2. Second Genesis: Sentient LifeKinder Transitions to a New Intentional, BioGenetic Questiny

Bedau, Mark, et al. Living Technology. Artificial Life. 16/1, 2010. With co-authors John McCaskill, Norman Packard, and Steen Rasmussen, whose common link could be the European Center for Living Technology, an entry to leading edges of the mind takeover of matter so as to (re)create and carry forth a better, more organic and humane, civilization.

The concept of living technology—that is, technology that is based on the powerful core features of life—is explained and illustrated with examples from artificial life software, reconfigurable and evolvable hardware, autonomously self-reproducing robots, chemical protocells, and hybrid electronic-chemical systems. We define primary (secondary) living technology according as key material components and core systems are not (are) derived from living organisms. Primary living technology is currently emerging, distinctive, and potentially powerful, motivating this review. We trace living technology's connections with artificial life (soft, hard, and wet), synthetic biology (top-down and bottom-up), and the convergence of nano-, bio-, information, and cognitive (NBIC) technologies. We end with a brief look at the social and ethical questions generated by the prospect of living technology. (89)

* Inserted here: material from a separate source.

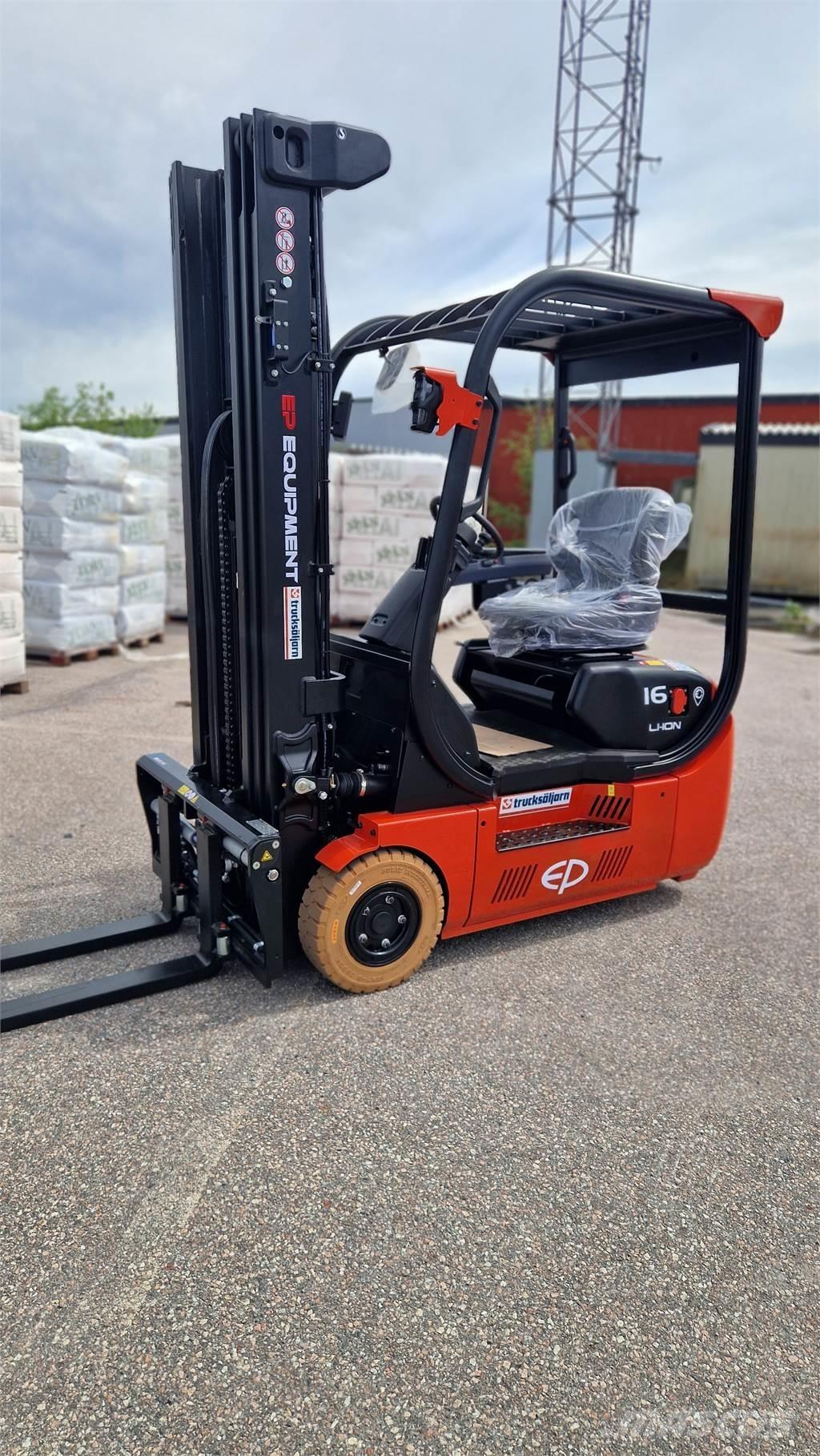  TDL162 Elektriniai šakiniai krautuvai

Bekiaris, Bekiaris, Pavlos and Steffen Klamt. Designing Microbial Communities to Maximize the Thermodynamic Driving Force for the Production of Chemicals. PLoS Computational Biology. June, 2021. MPI for Dynamics of Complex Technical Systems consider ways to apply our collaborative findings about bacterial composites so as to begin a new phase of intentional formulations for an array of beneficial uses. See also An Evolutionary Algorithm for Designing Microbial Communities via Environmental Modification by Alan Pacheco and Daniel Segre in the Journal of the Royal Society Interface (June 2021).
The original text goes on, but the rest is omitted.